About this exercise:
Give the number of lines in the data below containing the word "image", with no other text.

Entries supplied START

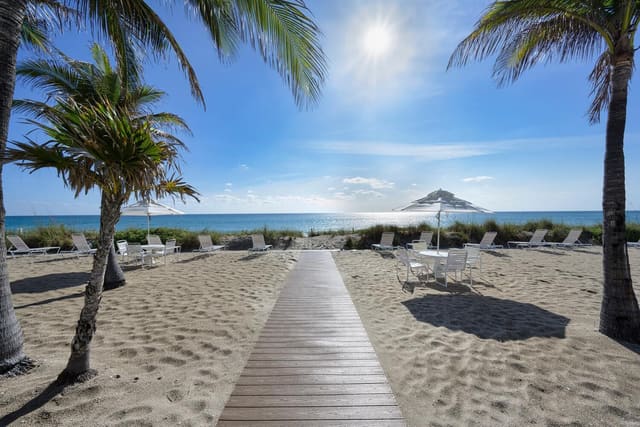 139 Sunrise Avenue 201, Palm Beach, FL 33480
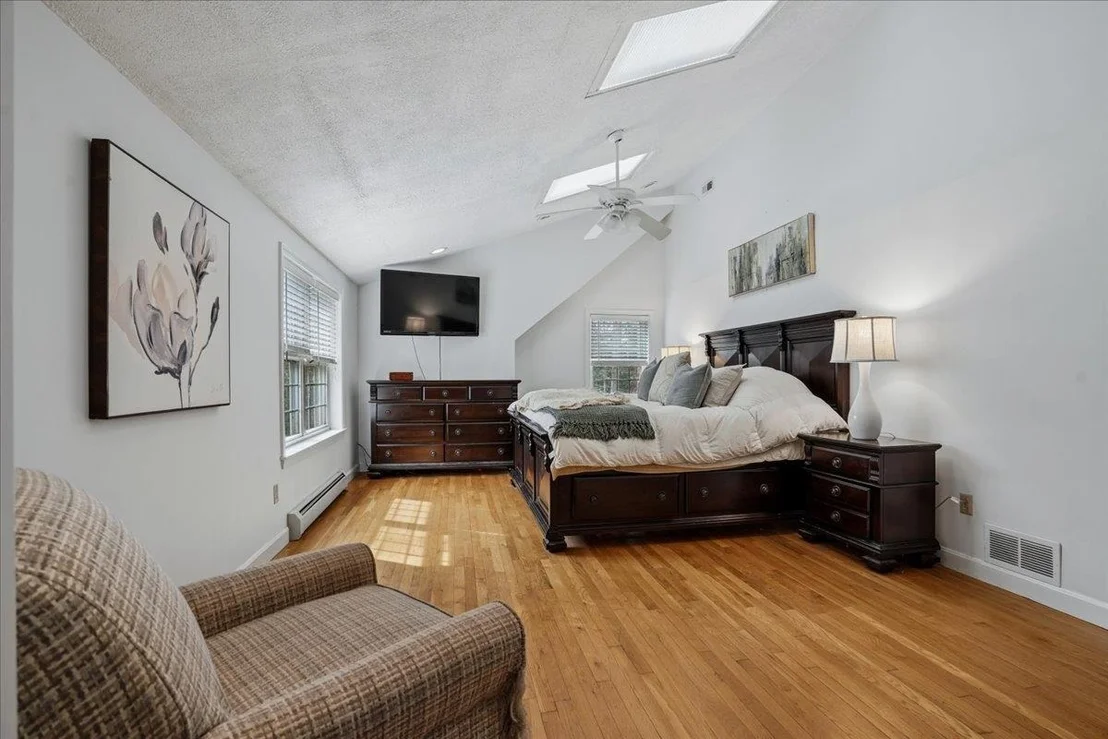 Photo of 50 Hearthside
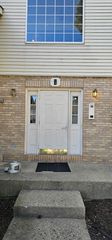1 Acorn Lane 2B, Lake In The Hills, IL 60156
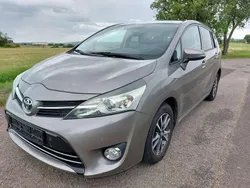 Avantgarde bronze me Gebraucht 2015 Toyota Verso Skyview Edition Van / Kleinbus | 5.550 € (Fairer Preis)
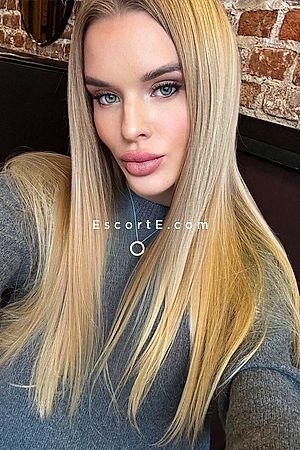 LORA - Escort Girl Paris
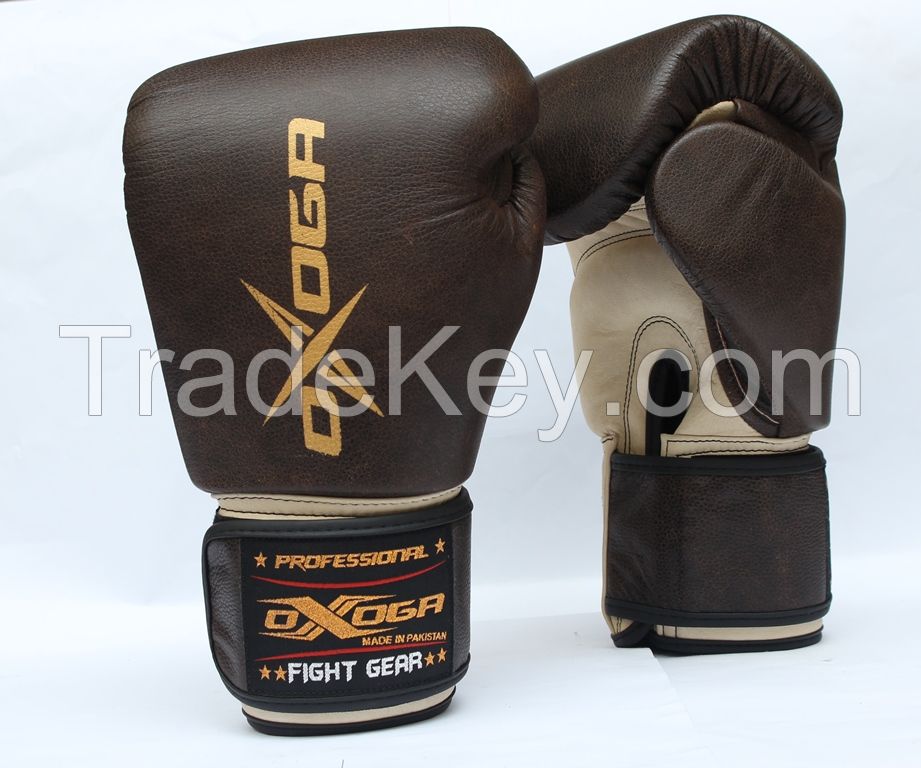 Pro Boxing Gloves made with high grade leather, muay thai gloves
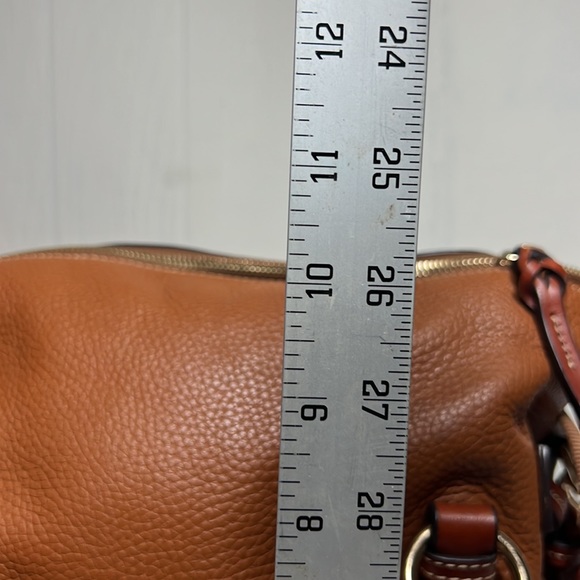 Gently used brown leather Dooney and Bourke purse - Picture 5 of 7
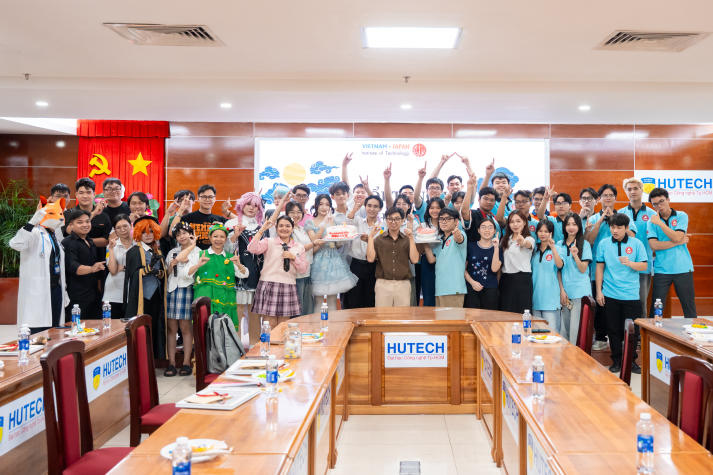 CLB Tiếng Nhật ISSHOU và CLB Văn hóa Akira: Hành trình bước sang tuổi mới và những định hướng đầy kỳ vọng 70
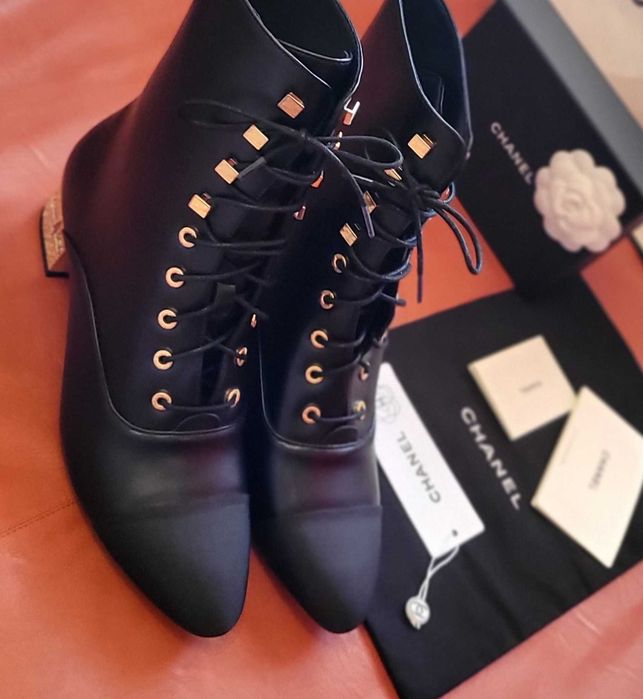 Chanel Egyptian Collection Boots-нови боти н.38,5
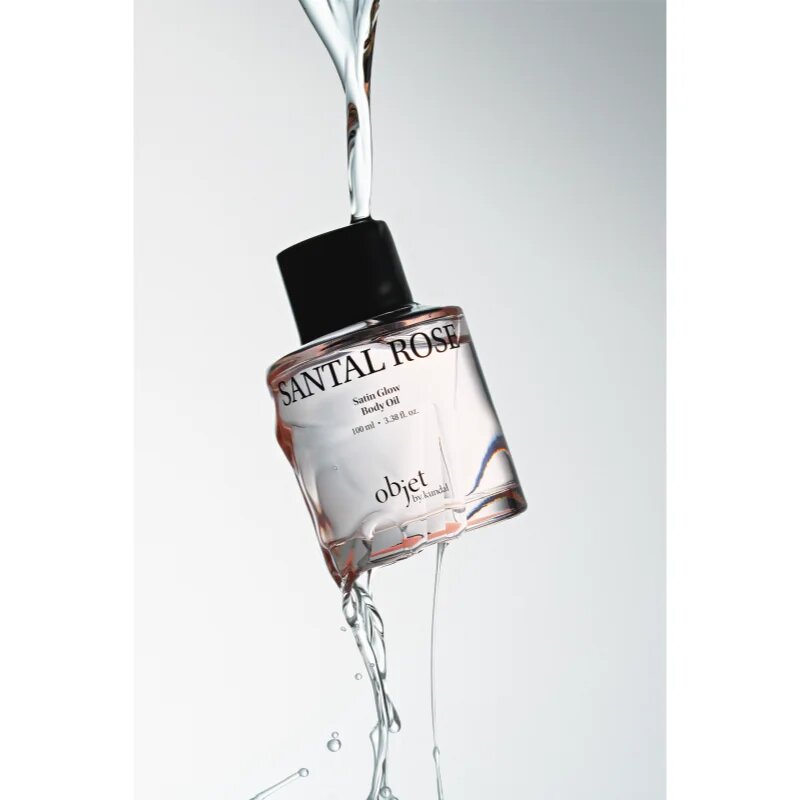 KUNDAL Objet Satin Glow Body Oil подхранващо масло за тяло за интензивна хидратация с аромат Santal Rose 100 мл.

Entries supplied END
Entries supplied START

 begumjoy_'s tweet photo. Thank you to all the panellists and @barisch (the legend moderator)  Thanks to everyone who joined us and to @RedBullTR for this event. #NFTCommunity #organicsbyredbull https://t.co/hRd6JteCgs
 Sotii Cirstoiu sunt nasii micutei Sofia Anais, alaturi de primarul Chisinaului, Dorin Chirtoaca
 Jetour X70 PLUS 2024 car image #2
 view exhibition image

Entries supplied END
Entries supplied START

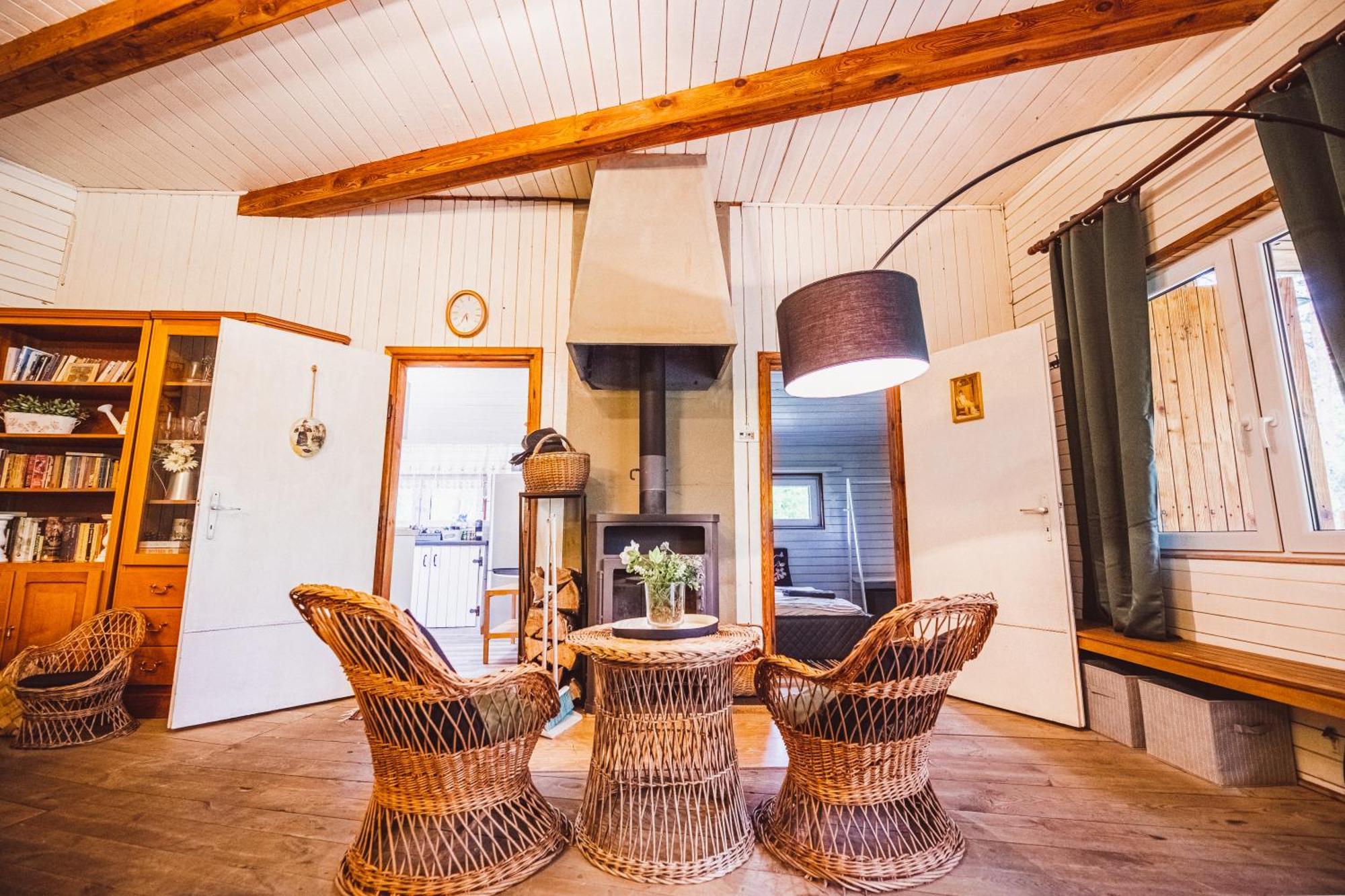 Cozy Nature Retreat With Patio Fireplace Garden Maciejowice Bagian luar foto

Entries supplied END

Written answer:
2